Die dritte Phase unterstreicht die gestiegene Machtfülle und das Selbstbewusstsein der Westgoten, die nun auf Augenhöhe mit dem weströmischen Kaiser agierten. Nachdem der Nachfolger Theoderichs, Thorismund (451-453) von seinem eigenen Bruder Theoderich II. (453-466) ermordet worden war, strebte letzterer ein erneutes Bündnis mit Rom an, nur um innerhalb des Weströmischen Reiches seine Macht ausbauen zu können. Aëtius dagegen wurde dem weströmischen Kaiser Valentinian III. (Kaiser von 425 bis 455) zu mächtig und infolgedessen eigenhändig von ebenjenem ermordet. Unmittelbar nach dem Mord an Aëtius drängte der neue tolosanische Herrscher darauf, den gallorömischen Senator Avitus zum Kaiser zu erheben. Lediglich zwei Jahre (455 und 456) hielt dessen Kaisertum an, auch weil die Westgoten auf der Iberischen Halbinsel in Kämpfe mit dem Stamm der Sueben verwickelt wurden und Avitus kaum mehr stützen konnten. Diese kurze Episode unterstreicht aber den gestiegenen Machtanspruch der Westgoten. Bis in die 460er Jahre war das Verhältnis zwischen Rom und Tolosa steten Schwankungen ausgesetzt. Immer wenn es zu Bürgerkriegen und einem Machtvakuum in Rom kam, versuchte Theoderich II. dieses zu besetzen, indem er einzelne Kandidaten unterstützte. Auch das Loslösen vom Föderatenstatus sowie die erneuten Bindungen an Rom sollten in dieser Zeit mehrmals wechseln. 

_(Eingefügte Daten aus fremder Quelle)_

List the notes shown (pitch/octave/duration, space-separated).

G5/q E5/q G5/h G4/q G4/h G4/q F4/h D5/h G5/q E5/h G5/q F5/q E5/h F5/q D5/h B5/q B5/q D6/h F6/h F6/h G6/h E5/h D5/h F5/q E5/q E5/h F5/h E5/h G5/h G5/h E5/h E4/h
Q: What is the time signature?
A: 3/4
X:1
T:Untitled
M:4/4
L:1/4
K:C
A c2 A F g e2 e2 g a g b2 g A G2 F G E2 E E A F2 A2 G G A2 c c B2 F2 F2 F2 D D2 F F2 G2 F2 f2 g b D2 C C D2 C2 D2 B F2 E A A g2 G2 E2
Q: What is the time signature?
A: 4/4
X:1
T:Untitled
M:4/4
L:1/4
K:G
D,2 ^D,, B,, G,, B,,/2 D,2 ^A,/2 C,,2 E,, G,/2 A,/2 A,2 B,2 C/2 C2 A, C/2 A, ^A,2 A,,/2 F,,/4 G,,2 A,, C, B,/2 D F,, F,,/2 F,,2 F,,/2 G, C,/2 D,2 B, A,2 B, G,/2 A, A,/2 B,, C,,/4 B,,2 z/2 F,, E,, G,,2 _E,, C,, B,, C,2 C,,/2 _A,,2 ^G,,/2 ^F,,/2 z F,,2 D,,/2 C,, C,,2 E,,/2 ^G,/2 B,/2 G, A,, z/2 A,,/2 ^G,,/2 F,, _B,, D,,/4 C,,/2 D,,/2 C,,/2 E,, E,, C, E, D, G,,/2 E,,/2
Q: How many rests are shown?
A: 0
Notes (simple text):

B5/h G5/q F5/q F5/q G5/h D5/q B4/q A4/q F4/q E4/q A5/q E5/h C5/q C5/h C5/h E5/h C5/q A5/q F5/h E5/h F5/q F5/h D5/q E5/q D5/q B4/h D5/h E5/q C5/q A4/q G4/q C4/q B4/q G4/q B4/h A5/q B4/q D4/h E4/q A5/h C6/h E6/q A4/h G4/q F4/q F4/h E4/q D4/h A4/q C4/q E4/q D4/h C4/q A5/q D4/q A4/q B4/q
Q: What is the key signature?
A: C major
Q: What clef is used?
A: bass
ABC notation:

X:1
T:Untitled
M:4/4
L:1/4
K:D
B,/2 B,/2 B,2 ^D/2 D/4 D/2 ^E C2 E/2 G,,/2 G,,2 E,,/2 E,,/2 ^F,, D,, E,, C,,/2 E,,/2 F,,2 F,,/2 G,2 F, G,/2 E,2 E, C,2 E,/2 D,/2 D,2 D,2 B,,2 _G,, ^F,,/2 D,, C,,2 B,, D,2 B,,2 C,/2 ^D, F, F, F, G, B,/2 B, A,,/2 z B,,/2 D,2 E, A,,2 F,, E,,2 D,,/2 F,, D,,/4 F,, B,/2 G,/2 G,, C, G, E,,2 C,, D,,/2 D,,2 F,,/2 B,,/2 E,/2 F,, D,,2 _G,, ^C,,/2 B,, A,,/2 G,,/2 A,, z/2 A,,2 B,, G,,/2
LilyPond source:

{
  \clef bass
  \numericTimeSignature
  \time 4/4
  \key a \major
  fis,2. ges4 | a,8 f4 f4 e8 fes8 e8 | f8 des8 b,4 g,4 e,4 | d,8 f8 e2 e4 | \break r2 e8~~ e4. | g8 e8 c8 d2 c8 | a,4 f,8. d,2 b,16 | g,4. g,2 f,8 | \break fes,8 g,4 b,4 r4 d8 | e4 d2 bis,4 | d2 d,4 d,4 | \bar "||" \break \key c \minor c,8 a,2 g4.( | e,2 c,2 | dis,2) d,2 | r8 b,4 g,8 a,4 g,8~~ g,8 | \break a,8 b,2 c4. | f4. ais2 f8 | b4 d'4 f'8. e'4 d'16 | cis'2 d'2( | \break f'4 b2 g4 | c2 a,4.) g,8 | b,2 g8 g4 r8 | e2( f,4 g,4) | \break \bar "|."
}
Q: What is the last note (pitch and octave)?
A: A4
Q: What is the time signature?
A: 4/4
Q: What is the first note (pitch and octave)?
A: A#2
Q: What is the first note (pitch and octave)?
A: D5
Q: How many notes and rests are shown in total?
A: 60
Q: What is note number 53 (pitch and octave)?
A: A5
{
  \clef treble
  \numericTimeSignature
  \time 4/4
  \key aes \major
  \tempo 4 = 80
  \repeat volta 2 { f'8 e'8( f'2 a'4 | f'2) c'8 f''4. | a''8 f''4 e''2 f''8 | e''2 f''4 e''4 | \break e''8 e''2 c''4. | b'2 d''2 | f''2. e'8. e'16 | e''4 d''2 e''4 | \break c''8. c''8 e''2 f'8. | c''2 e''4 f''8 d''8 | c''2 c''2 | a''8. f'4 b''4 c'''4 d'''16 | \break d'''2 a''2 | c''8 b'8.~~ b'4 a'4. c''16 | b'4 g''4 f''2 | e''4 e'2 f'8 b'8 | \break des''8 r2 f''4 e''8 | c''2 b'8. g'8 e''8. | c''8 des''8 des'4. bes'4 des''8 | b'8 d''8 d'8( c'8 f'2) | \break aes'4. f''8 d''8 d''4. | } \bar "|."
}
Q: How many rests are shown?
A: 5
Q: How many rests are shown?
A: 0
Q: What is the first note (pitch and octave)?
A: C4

Neuzeitliches, aus Spanien stammendes Bild Theorderichs II. / Quelle: https://upload.wikimedia.org/wikipedia/commons/8/8c/08-TEODORICO.JPG

Eurich, der jüngere Bruder Theoderichs II., herrschte über das Tolosanische Reich von 466 bis 484. Anders als bei seinen Vorgängern war sein Vorgehen gegenüber dem geschwächten Rom deutlich aggressiver. Zunächst löste er das ungleiche Bündnis mit Rom auf, um anschließend seinen Machtbereich auszubauen. Das Tolosanische Reich erstreckte sich Ende der 460er Jahre bis zur Loire, in die Auvergne und weit bis auf die Iberische Halbinsel. Eurich war dies nicht genug, sodass er sogar bis nach Rom vorrücken wollte. Obwohl dies misslang, war es ihm durch die Vergrößerung seines Reiches und dem damit verbundenen Machtausbau möglich, im Jahr 475 mit dem amtieren Kaiser Julius Nepos Frieden zu schließen. Noch wichtiger aber war die Anerkennung der Unabhängigkeit des Tolosanischen Reiches. Diese Anerkennung und bis dahin größte Ausdehnung des Reiches sollte den Höhepunkt in dessen Geschichte darstellen. Bevor Eurich 484 starb, schaffte er es bis dahin zeitweise weitere große Gebiete der Iberischen Halbinsel zu erobern und zu besetzen.
Alarich II. (484-507) wurde sein Nachfolger und letztlich auch der letzte Herrscher des Tolosanischen Reiches. Obwohl sein Reich zum Amtsantritt sehr groß und Alarichs Stellung äußerst mächtig war, konnte er die Machtfülle nicht konservieren. Die Franken, die im ausgehenden 5. Jahrhundert expandierten, bildeten eine neue, kaum aufhaltbare Macht, der die Westgoten nicht viel entgegenzusetzen hatten. Im Jahr 507 kam es zur entscheidenden Schlacht auf der Ebene von Vouillé gegen den erstarkten Frankenkönig Chlodwig I. (466-511). Alarich sollte diese Schlacht nicht überleben und so die relativ kurze Lebensdauer des Tolosanischen Reiches beenden. Die Hauptstadt Tolosa wurde geplündert und die Schätze des Reiches geraubt. Die Konsequenz dieser Niederlage bestand im Rückzug der Westgoten hinter die Pyrenäen, sodass sie nun nur noch auf der Iberischen Heimatinsel beheimatet waren. 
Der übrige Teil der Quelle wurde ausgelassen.